The results indicated that there was no significant statistical difference between the experimental results of gene-edited low-gossypol cotton PGF and non-transgenic cotton variety Jin668. This suggested that while gene-edited low-gossypol cotton reduced the content of gossypol, its performance in the ecosystem during planting was basically similar to that of traditional cotton, and did not significantly change the influence of cotton on Aphis gossypii. Moreover, since gene-edited low-gossypol cotton was similar to non-transgenic cotton in terms of insect resistance, existing integrated prevention and control strategies were still applicable, providing more options for planting management.

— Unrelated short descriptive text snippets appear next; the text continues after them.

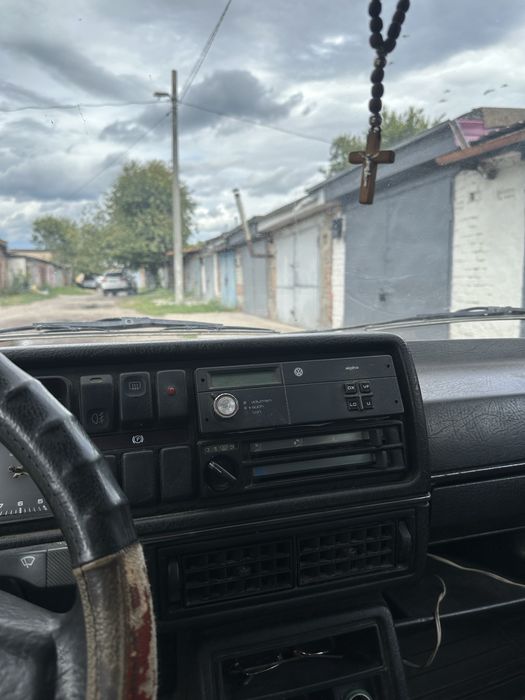 Volkswagen Golf 2 CL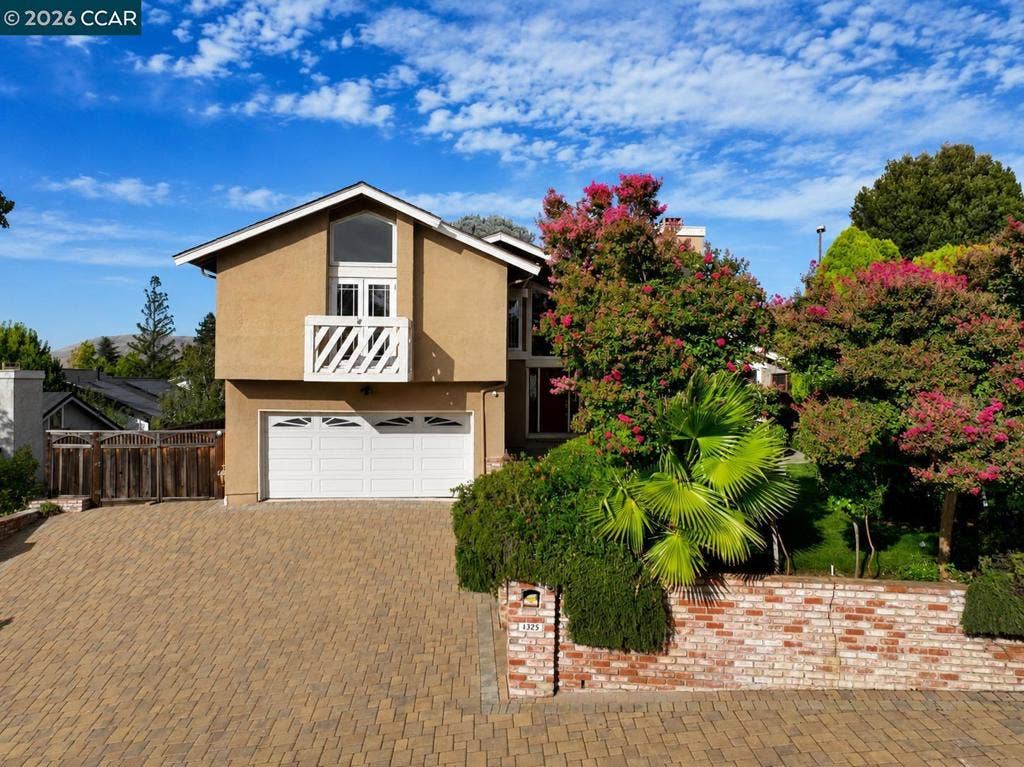 1325 New Hampshire Dr, Concord, CA 94521 1325 New Hampshire Dr, Concord, CA 94521
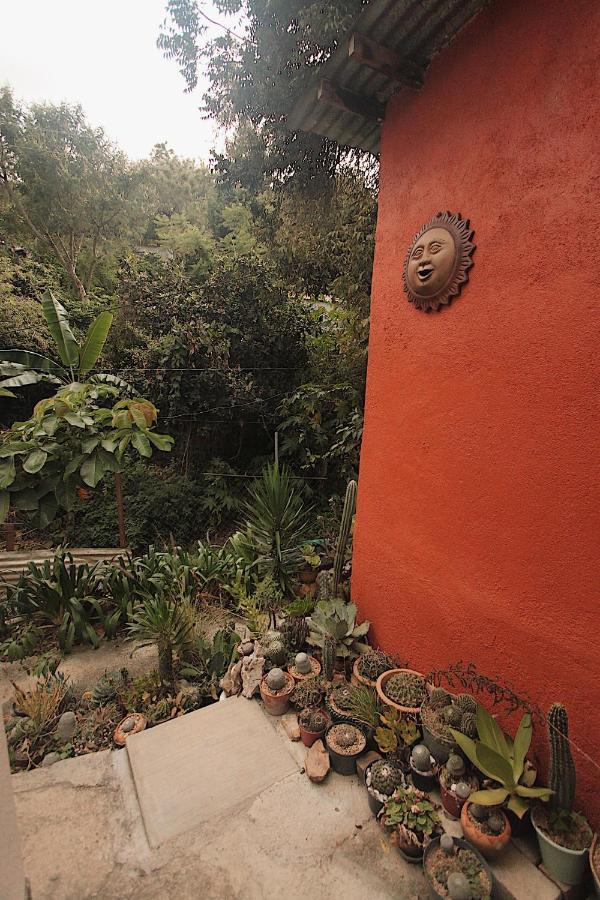 Cabana Campestre En Oaxaca מראה חיצוני תמונה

Specific examples are used herein to explain the principles and implementations of the present disclosure. The foregoing description of the embodiments is merely intended to help understand the method of the present disclosure and its core ideas; besides, various modifications may be made by a person of ordinary skill in the art to specific embodiments and the scope of application in accordance with the ideas of the present disclosure. In conclusion, the content of the description shall not be construed as limitations to the present disclosure.